#### Task directions
In the listing below, locate the line containing "Smartphone Apple Iphone" and the line containing "2GKFLREK8D6220794: 44515744". Output both of them and every line between, exactly as written, and nothing more.

○ ○ ○ ○

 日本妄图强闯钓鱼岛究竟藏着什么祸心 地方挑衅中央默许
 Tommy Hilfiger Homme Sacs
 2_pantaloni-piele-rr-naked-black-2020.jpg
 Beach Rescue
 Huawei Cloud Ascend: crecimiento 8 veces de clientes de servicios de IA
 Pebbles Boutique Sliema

○ ○ ○ ○

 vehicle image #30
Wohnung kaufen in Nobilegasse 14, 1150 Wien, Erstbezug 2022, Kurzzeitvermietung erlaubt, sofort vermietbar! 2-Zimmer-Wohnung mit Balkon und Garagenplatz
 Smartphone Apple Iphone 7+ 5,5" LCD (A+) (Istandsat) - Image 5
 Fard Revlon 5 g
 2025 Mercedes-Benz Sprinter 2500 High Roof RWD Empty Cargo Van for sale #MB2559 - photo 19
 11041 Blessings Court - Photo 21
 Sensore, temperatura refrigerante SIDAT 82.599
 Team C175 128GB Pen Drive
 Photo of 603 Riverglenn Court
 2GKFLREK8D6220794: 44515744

○ ○ ○ ○

#### Answer to this exercise
 Smartphone Apple Iphone 7+ 5,5" LCD (A+) (Istandsat) - Image 5
 Fard Revlon 5 g
 2025 Mercedes-Benz Sprinter 2500 High Roof RWD Empty Cargo Van for sale #MB2559 - photo 19
 11041 Blessings Court - Photo 21
 Sensore, temperatura refrigerante SIDAT 82.599
 Team C175 128GB Pen Drive
 Photo of 603 Riverglenn Court
 2GKFLREK8D6220794: 44515744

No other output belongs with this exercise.